▶ The records
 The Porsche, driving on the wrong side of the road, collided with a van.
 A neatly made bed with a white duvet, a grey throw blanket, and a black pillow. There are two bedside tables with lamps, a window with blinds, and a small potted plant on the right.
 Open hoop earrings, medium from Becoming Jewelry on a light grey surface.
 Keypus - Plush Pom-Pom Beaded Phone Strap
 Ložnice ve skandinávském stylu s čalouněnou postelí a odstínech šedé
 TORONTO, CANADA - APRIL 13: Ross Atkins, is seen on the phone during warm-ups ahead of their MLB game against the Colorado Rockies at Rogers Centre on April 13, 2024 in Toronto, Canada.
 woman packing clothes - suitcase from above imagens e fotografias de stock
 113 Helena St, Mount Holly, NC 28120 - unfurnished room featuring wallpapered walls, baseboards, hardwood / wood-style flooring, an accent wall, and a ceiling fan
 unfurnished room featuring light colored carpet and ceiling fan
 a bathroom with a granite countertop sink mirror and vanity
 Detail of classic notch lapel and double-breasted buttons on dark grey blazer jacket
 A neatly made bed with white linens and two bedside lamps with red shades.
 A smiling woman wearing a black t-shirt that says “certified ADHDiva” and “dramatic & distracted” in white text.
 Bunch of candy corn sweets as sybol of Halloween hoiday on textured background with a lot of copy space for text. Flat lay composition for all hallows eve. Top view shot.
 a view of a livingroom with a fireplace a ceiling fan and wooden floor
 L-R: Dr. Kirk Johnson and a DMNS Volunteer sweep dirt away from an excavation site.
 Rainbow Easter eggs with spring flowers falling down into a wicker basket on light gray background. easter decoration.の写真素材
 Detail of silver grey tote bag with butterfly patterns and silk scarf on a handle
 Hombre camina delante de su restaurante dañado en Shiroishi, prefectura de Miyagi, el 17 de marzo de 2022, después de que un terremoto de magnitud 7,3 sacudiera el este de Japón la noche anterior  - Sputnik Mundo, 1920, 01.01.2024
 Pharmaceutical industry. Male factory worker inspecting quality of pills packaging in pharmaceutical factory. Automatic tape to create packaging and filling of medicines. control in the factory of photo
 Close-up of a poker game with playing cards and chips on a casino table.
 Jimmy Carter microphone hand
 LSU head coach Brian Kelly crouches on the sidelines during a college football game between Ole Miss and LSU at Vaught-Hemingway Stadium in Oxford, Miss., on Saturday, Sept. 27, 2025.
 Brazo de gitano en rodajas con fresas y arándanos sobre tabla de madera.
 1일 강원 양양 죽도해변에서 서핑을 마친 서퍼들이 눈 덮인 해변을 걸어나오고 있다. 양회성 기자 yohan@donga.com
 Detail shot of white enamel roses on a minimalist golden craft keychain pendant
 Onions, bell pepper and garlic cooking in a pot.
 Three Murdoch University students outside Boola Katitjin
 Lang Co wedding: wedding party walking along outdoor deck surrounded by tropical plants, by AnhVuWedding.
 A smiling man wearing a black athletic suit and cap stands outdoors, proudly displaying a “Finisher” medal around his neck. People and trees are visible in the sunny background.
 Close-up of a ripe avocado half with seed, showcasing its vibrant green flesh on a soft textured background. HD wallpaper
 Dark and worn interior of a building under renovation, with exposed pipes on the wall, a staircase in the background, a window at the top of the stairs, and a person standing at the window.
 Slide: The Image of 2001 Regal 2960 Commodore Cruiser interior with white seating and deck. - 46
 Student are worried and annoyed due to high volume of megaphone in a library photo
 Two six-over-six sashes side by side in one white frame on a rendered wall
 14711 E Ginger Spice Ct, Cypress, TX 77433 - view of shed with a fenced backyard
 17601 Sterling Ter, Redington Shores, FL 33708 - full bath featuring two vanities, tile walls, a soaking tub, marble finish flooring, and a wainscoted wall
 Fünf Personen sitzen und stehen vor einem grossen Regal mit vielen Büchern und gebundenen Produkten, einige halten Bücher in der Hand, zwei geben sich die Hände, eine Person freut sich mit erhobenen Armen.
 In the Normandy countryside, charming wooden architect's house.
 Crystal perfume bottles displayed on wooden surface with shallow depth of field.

▶ Exercise aim
Down to the last line, retype the entries above exactly.

▶ Your solution
 The Porsche, driving on the wrong side of the road, collided with a van.
 A neatly made bed with a white duvet, a grey throw blanket, and a black pillow. There are two bedside tables with lamps, a window with blinds, and a small potted plant on the right.
 Open hoop earrings, medium from Becoming Jewelry on a light grey surface.
 Keypus - Plush Pom-Pom Beaded Phone Strap
 Ložnice ve skandinávském stylu s čalouněnou postelí a odstínech šedé
 TORONTO, CANADA - APRIL 13: Ross Atkins, is seen on the phone during warm-ups ahead of their MLB game against the Colorado Rockies at Rogers Centre on April 13, 2024 in Toronto, Canada.
 woman packing clothes - suitcase from above imagens e fotografias de stock
 113 Helena St, Mount Holly, NC 28120 - unfurnished room featuring wallpapered walls, baseboards, hardwood / wood-style flooring, an accent wall, and a ceiling fan
 unfurnished room featuring light colored carpet and ceiling fan
 a bathroom with a granite countertop sink mirror and vanity
 Detail of classic notch lapel and double-breasted buttons on dark grey blazer jacket
 A neatly made bed with white linens and two bedside lamps with red shades.
 A smiling woman wearing a black t-shirt that says “certified ADHDiva” and “dramatic & distracted” in white text.
 Bunch of candy corn sweets as sybol of Halloween hoiday on textured background with a lot of copy space for text. Flat lay composition for all hallows eve. Top view shot.
 a view of a livingroom with a fireplace a ceiling fan and wooden floor
 L-R: Dr. Kirk Johnson and a DMNS Volunteer sweep dirt away from an excavation site.
 Rainbow Easter eggs with spring flowers falling down into a wicker basket on light gray background. easter decoration.の写真素材
 Detail of silver grey tote bag with butterfly patterns and silk scarf on a handle
 Hombre camina delante de su restaurante dañado en Shiroishi, prefectura de Miyagi, el 17 de marzo de 2022, después de que un terremoto de magnitud 7,3 sacudiera el este de Japón la noche anterior  - Sputnik Mundo, 1920, 01.01.2024
 Pharmaceutical industry. Male factory worker inspecting quality of pills packaging in pharmaceutical factory. Automatic tape to create packaging and filling of medicines. control in the factory of photo
 Close-up of a poker game with playing cards and chips on a casino table.
 Jimmy Carter microphone hand
 LSU head coach Brian Kelly crouches on the sidelines during a college football game between Ole Miss and LSU at Vaught-Hemingway Stadium in Oxford, Miss., on Saturday, Sept. 27, 2025.
 Brazo de gitano en rodajas con fresas y arándanos sobre tabla de madera.
 1일 강원 양양 죽도해변에서 서핑을 마친 서퍼들이 눈 덮인 해변을 걸어나오고 있다. 양회성 기자 yohan@donga.com
 Detail shot of white enamel roses on a minimalist golden craft keychain pendant
 Onions, bell pepper and garlic cooking in a pot.
 Three Murdoch University students outside Boola Katitjin
 Lang Co wedding: wedding party walking along outdoor deck surrounded by tropical plants, by AnhVuWedding.
 A smiling man wearing a black athletic suit and cap stands outdoors, proudly displaying a “Finisher” medal around his neck. People and trees are visible in the sunny background.
 Close-up of a ripe avocado half with seed, showcasing its vibrant green flesh on a soft textured background. HD wallpaper
 Dark and worn interior of a building under renovation, with exposed pipes on the wall, a staircase in the background, a window at the top of the stairs, and a person standing at the window.
 Slide: The Image of 2001 Regal 2960 Commodore Cruiser interior with white seating and deck. - 46
 Student are worried and annoyed due to high volume of megaphone in a library photo
 Two six-over-six sashes side by side in one white frame on a rendered wall
 14711 E Ginger Spice Ct, Cypress, TX 77433 - view of shed with a fenced backyard
 17601 Sterling Ter, Redington Shores, FL 33708 - full bath featuring two vanities, tile walls, a soaking tub, marble finish flooring, and a wainscoted wall
 Fünf Personen sitzen und stehen vor einem grossen Regal mit vielen Büchern und gebundenen Produkten, einige halten Bücher in der Hand, zwei geben sich die Hände, eine Person freut sich mit erhobenen Armen.
 In the Normandy countryside, charming wooden architect's house.
 Crystal perfume bottles displayed on wooden surface with shallow depth of field.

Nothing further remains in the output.